Squadra che vince non si cambia: almeno in studio. Dopo le vicissitudini di lineup avvenute nel corso del tour di supporto al precedente “A Sangue Freddo”, la formazione storica (!!!) del Teatro Degli Orrori si riunisce per “Il Mondo Nuovo“. Terzo lavoro per la band quindi, quello che solitamente è considerato come un passaggio essenziale per stabilire il successo definitivo o la definitiva mediocrità. Il gruppo veneto/lombardo accoglie la sfida scrivendo quello che è il suo disco più ambizioso: un concept album di sedici canzoni, sedici ritratti incentrati sull’immigrazione.
Nel trattare un argomento così impegnativo, inevitabilmente anche la proposta musicale si evolve: la fusione tra cantautorato tricolore e alternative rock statunitense resta ben radicata nelle coordinate del quartetto, nelle forme dello spettro dei Jesus Lizard, una delle massime ispirazioni della band di Pierpaolo Capovilla, che esplode in tutto il suo splendore nel primo singolo “Io Cerco Te”, e gli Shellac di Steve Albini, tributati nella cover in italiano di “Doris”. Un sound apparentemente rodato che viene contaminato da diverse influenze: l’elettronica degli Aucan e il rap di Caparezza scippano letteralmente “Cuore D’Oceano”, l’eco dei Korn e una sorta di pop etnico si sentono in “Stati Uniti D’Africa”, e il colpo di fulmine di Gionata Mirai con la chitarra acustica caratterizzano il brano “Ion”.

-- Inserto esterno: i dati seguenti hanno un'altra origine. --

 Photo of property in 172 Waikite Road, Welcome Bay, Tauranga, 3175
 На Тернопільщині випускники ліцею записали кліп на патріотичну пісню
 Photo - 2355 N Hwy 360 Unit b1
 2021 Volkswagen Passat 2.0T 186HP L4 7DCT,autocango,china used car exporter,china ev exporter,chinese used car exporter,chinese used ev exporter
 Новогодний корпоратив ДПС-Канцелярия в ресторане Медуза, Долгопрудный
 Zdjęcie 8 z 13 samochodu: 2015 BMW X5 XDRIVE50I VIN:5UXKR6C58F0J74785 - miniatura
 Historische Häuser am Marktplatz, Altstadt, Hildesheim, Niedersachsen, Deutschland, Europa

L’evoluzione più importante resta però quella dei testi, ed è una notizia importante, visto che parliamo di una band che non è mai stata il massimo della creatività, essendo figlia della letteratura contemporanea e di maestri della prosa come Carmelo Bene. In “Il Mondo Nuovo” il lato lirico del Teatro Degli Orrori riesce a migliorarsi definitivamente, aiutato sicuramente dai temi toccanti e di cruda attualità. Il declino di valori (“Io Cerco Te” e “Vivere E Morire A Treviso”) e i fatti personali di protagonisti sconosciuti al grande pubblico (come ad esempio la tragica storia di Ion Cazacu nell’omonimo brano) sono gli argomenti principali di quasi tutti i brani.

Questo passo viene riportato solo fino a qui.